Anna M. Kearns, Marco Restani, Ildiko Szabo, Audun Schrøder-Nielsen, Jin Ah Kim, Hayley M. Richardson, John M. Marzluff, Robert C. Fleischer, Arild Johnsen, Kevin E. Omland

Abstract

Many species, including humans, have emerged via complex reticulate processes involving hybridisation. Under certain circumstances, hybridisation can cause distinct lineages to collapse into a single lineage with an admixed mosaic genome. Most known cases of such 'speciation reversal' or 'lineage fusion' involve recently diverged lineages and anthropogenic perturbation.
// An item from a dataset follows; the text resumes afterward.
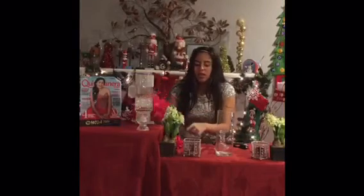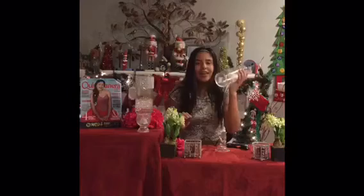First, you need a hot glue gun, glue sticks, a candle holder, water babies, a foam bar, fake flowers of your choice, and a glass vase.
Here, we show that in western North America, Common Ravens (Corvus corax) have admixed mosaic genomes formed by the fusion of non-sister lineages ('California' and 'Holarctic') that diverged ~1.5 million years ago. Phylogenomic analyses and concordant patterns of geographic structuring in mtDNA, genome-wide SNPs and nuclear introns demonstrate long-term admixture and random interbreeding between the non-sister lineages. In contrast, our genomic data support reproductive isolation between Common Ravens and Chihuahuan Ravens (C. cryptoleucus) despite extensive geographic overlap and a sister relationship between Chihuahuan Ravens and the California lineage. These data suggest that the Common Raven genome was formed by secondary lineage fusion and most likely represents a case of ancient speciation reversal that occurred without anthropogenic causes.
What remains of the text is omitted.